»»
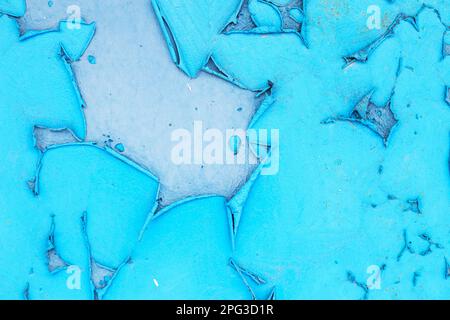 Old blue turquoise paint peeling from concrete or metal wall background. Texture of an old grunge plate with cracked paint with a hole. Stock Photo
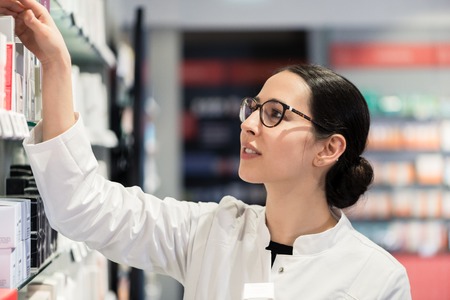 Side view close-up portrait of a dedicated female pharmacist standing in front of the pharmacy shelves, with various products while thinking to make the best choiceの写真素材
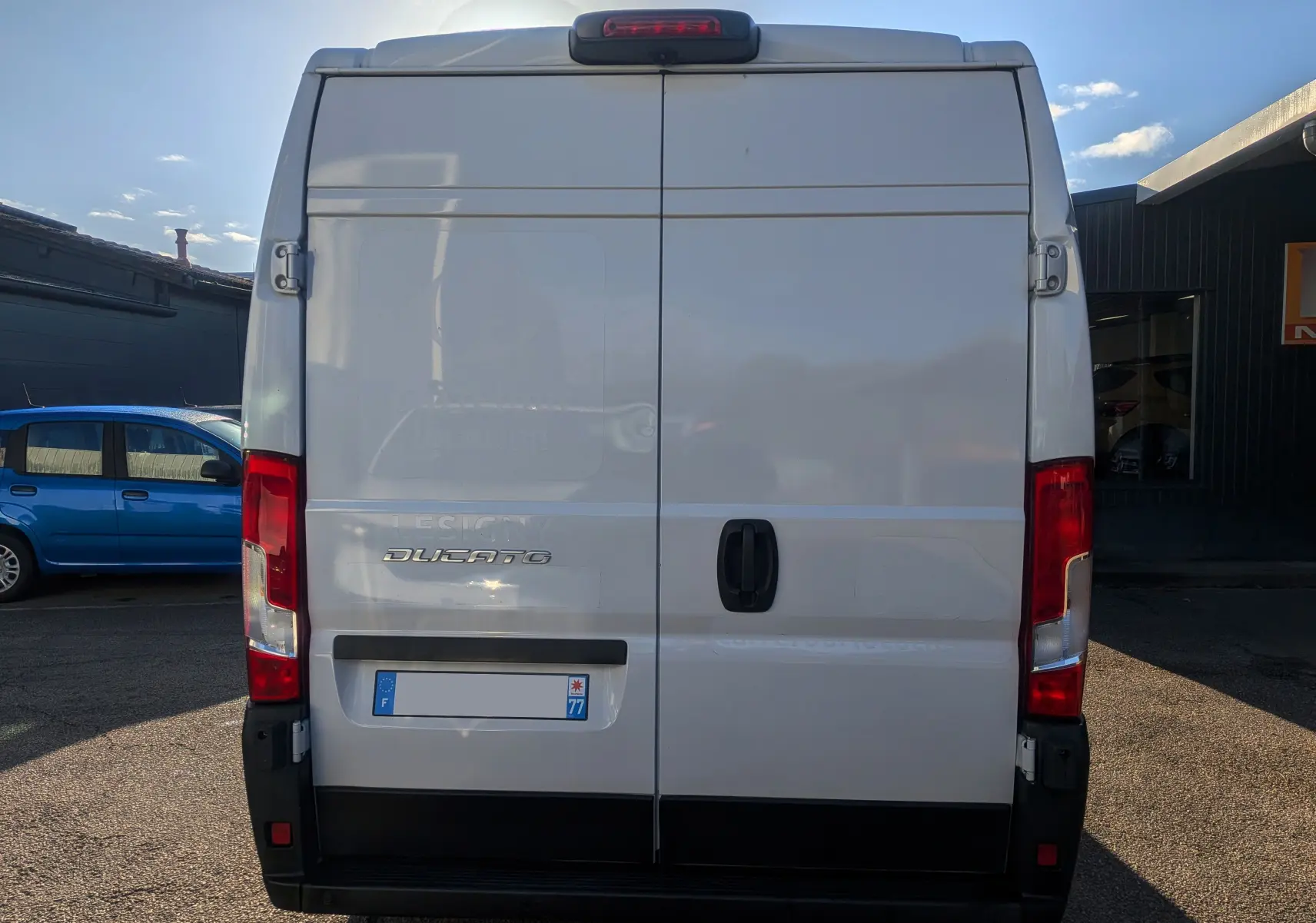 Vue arrière d'un fourgon FIAT Ducato blanc 2022 avec portes battantes et feux rouges verticaux.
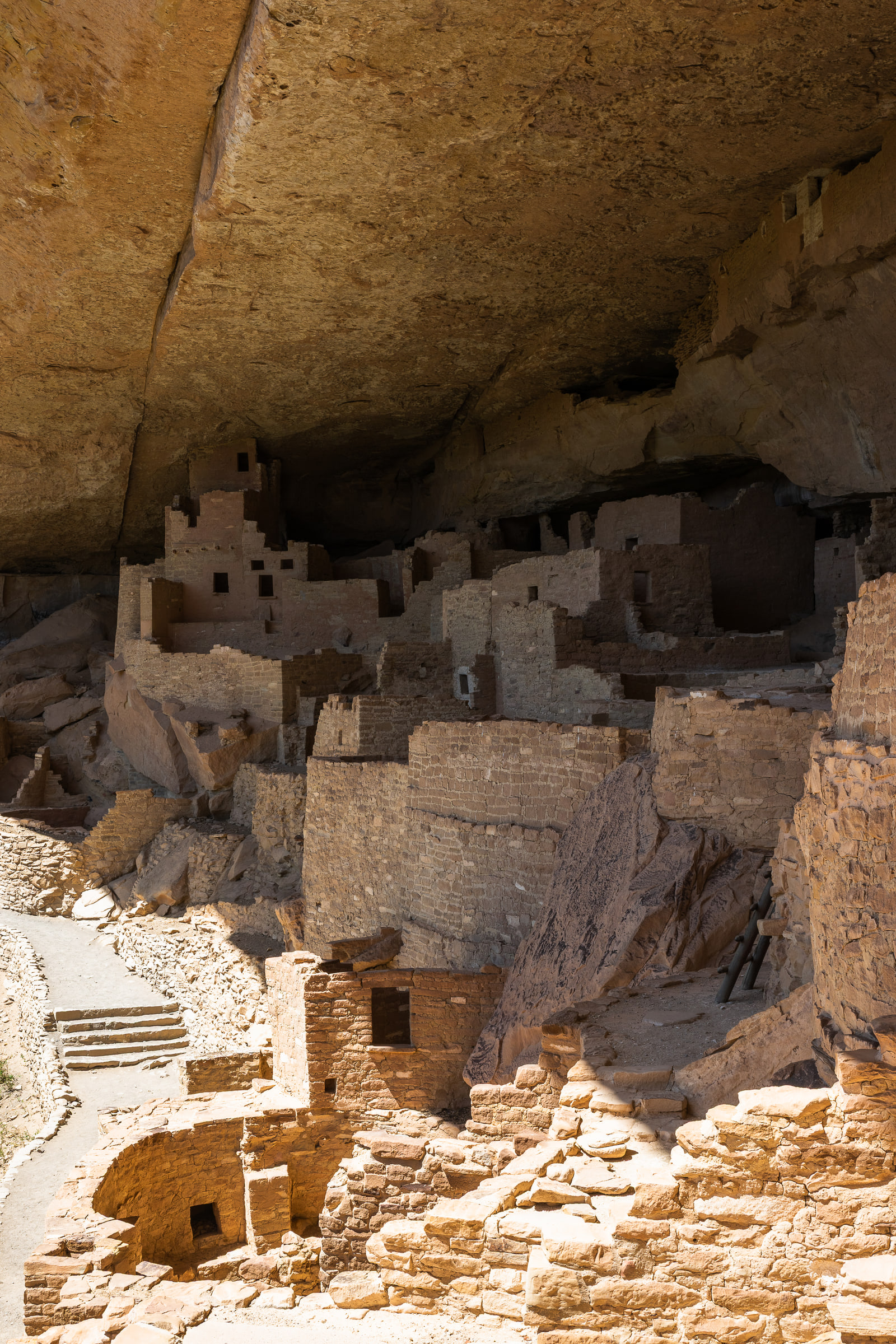 A vertical photograph of an ancient cliff dwelling sheltered beneath a vast curving sandstone overhang that fills the top of the frame.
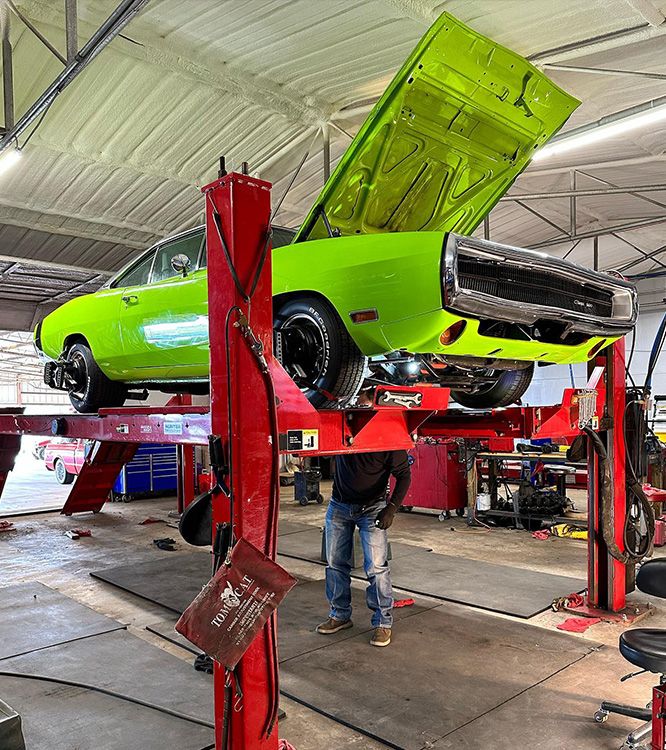 Green car on a lift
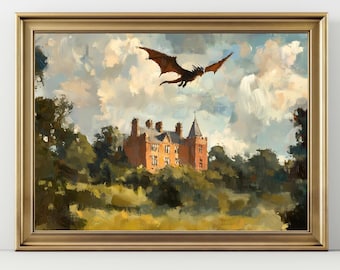 May include: A framed painting depicts a castle with a dragon soaring above. The castle is a warm orange color, set amidst green trees and a cloudy sky. The dragon is dark, with outstretched wings. The frame is gold.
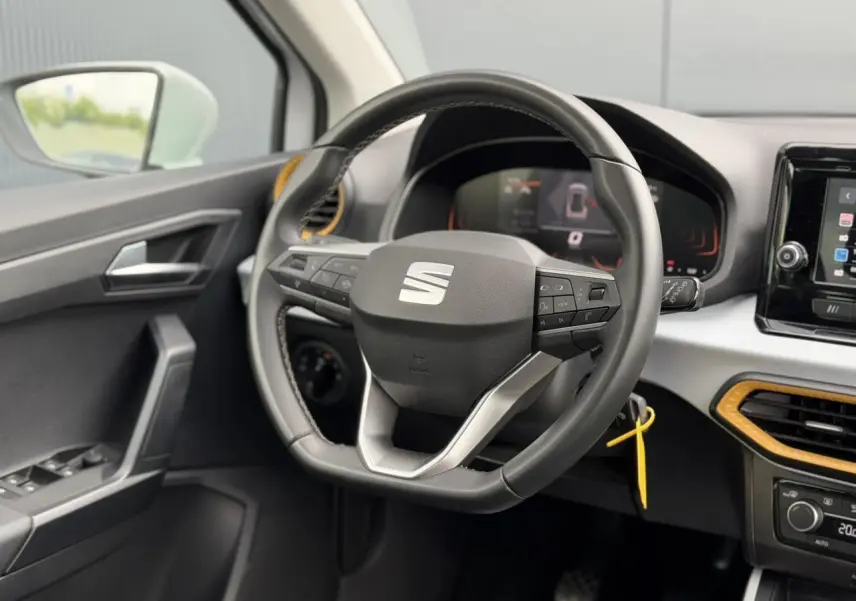 Vue intérieure côté conducteur du volant et tableau de bord du SEAT Arona TSI 115 Style avec inserts jaunes et écran tactile.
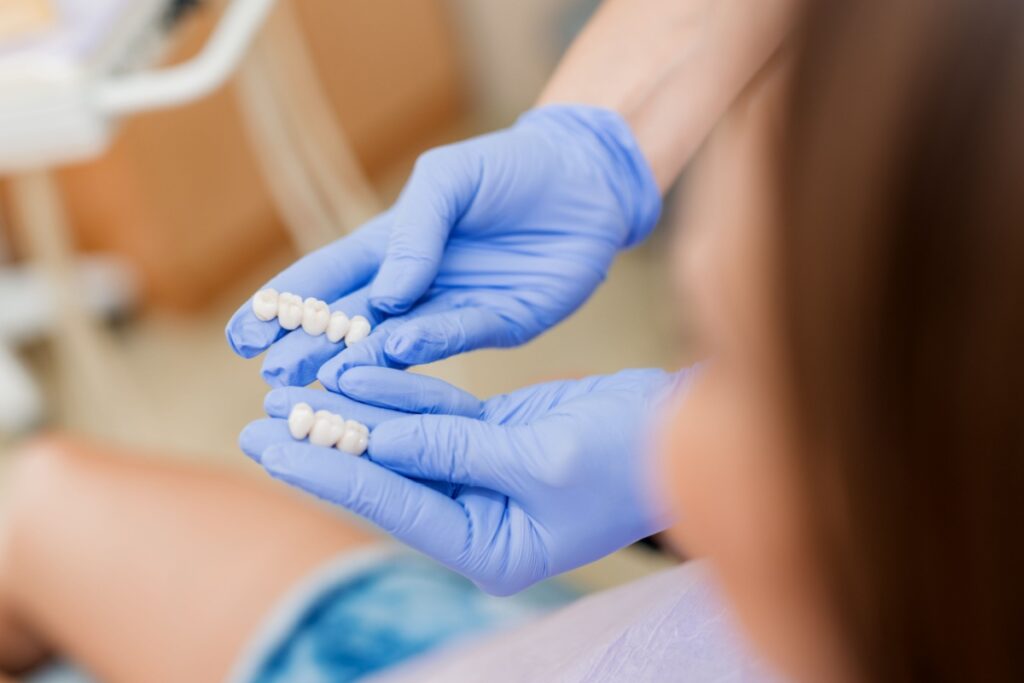Dental professional wearing blue gloves holding dental bridge prosthetic device during patient consultation.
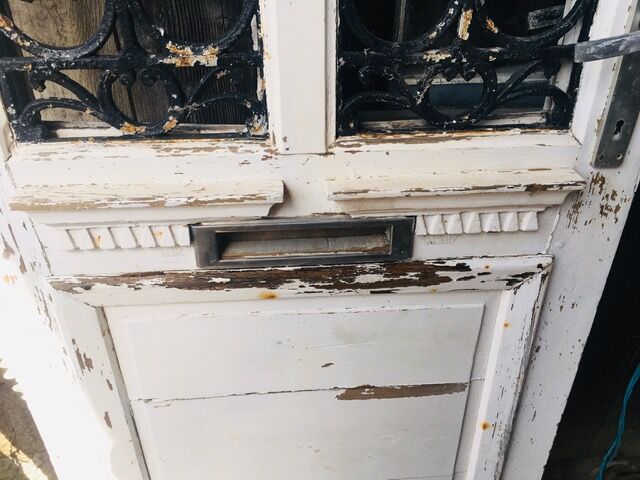 Old door with wrought iron grille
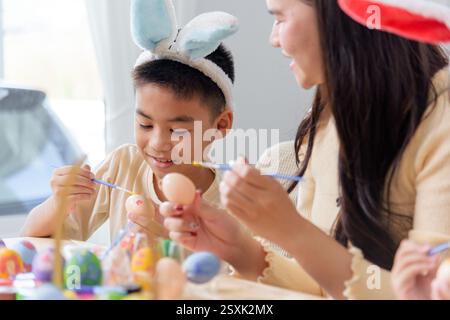 Felicità di Pasqua. Una madre e i bambini amano dipingere insieme le uova di Pasqua a un tavolo festivo, festeggiando la vacanza con divertimento e creatività. Pasqua da Foto Stock
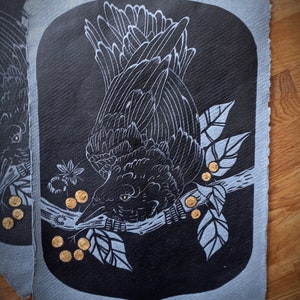 May include: Black and white illustration of a raven perched on a branch with leaves and golden berries. The artwork is set against a dark background with a light blue border, creating a striking contrast. The raven's feathers are detailed.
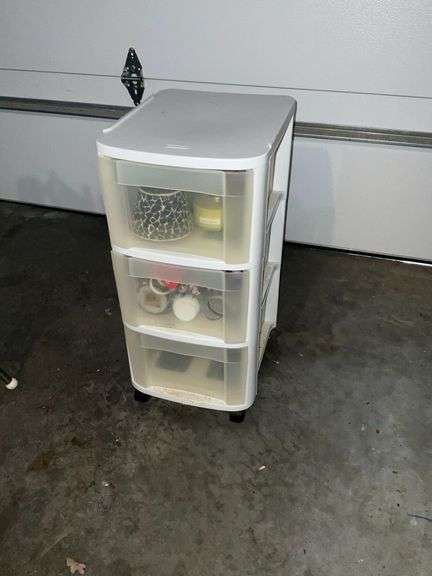 3-drawer plastic cabinet, candles and candle holders image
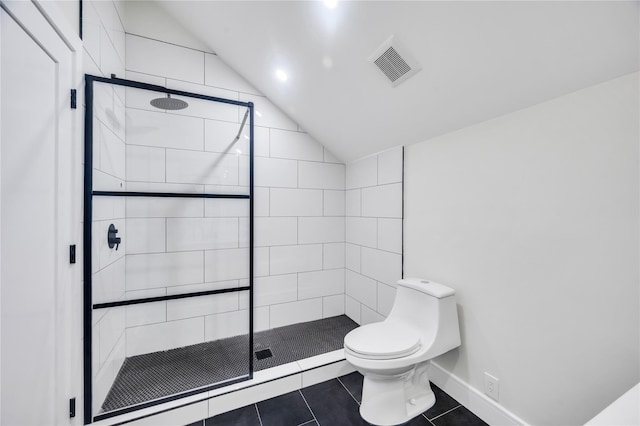 205 Blueberry Ln, Hicksville, NY 11801 - bathroom with vaulted ceiling, tiled shower, toilet, tile patterned floors, and baseboards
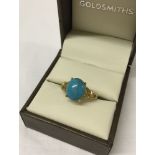 Ladies turquoise dress ring set in 9ct gold. Size R.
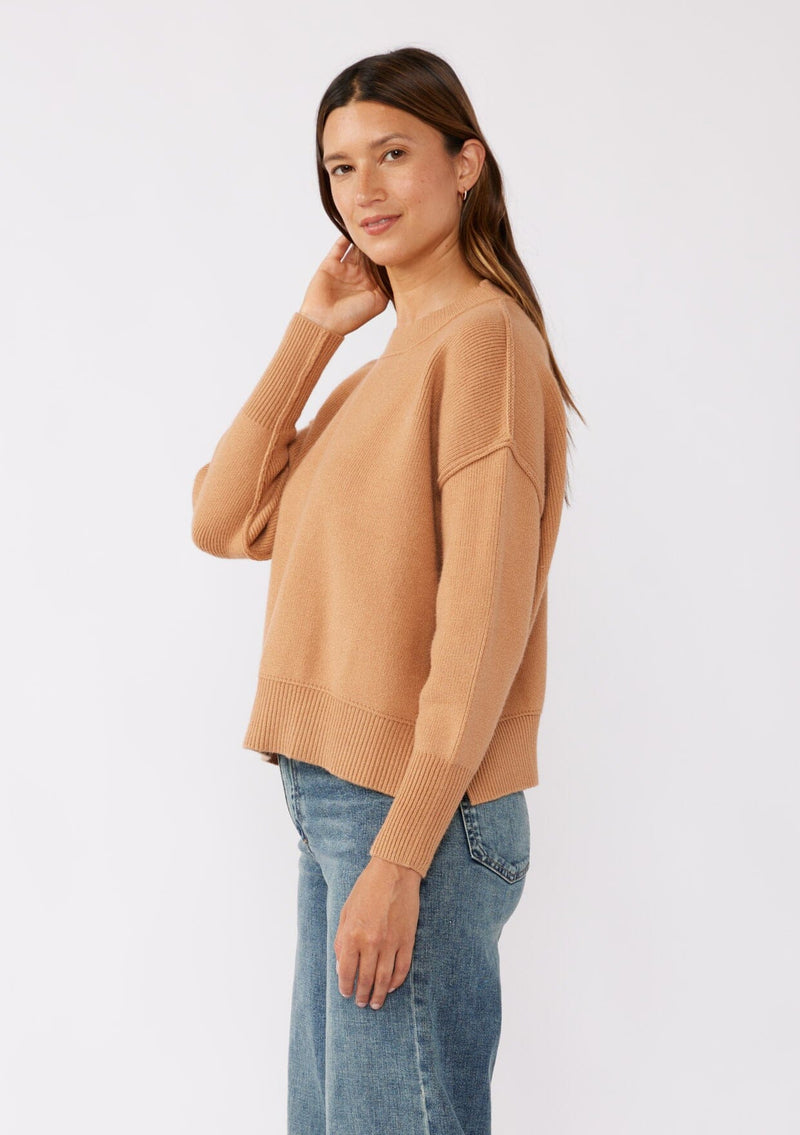 [Color: Camel] A brunette model wearing a solid brown, tan sweater crafted in a comfy knit with a relaxed, boxy silhouette. Featuring long sleeves with dropped shoulders, a crew neckline, and ribbed trims. Perfectly cozy and casual for everyday styling.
««
WHAT YOU NEED TO DO:
Your task is to repeat exactly the lines from the beginning of the data to the line that contains "May include: Black", both ends included, leaving out pictures.

ANSWER BELOW:
 Old blue turquoise paint peeling from concrete or metal wall background. Texture of an old grunge plate with cracked paint with a hole. Stock Photo
 Side view close-up portrait of a dedicated female pharmacist standing in front of the pharmacy shelves, with various products while thinking to make the best choiceの写真素材
 Vue arrière d'un fourgon FIAT Ducato blanc 2022 avec portes battantes et feux rouges verticaux.
 A vertical photograph of an ancient cliff dwelling sheltered beneath a vast curving sandstone overhang that fills the top of the frame.
 Green car on a lift
 May include: A framed painting depicts a castle with a dragon soaring above. The castle is a warm orange color, set amidst green trees and a cloudy sky. The dragon is dark, with outstretched wings. The frame is gold.
 Vue intérieure côté conducteur du volant et tableau de bord du SEAT Arona TSI 115 Style avec inserts jaunes et écran tactile.
Dental professional wearing blue gloves holding dental bridge prosthetic device during patient consultation.
 Old door with wrought iron grille
 Felicità di Pasqua. Una madre e i bambini amano dipingere insieme le uova di Pasqua a un tavolo festivo, festeggiando la vacanza con divertimento e creatività. Pasqua da Foto Stock
 May include: Black and white illustration of a raven perched on a branch with leaves and golden berries. The artwork is set against a dark background with a light blue border, creating a striking contrast. The raven's feathers are detailed.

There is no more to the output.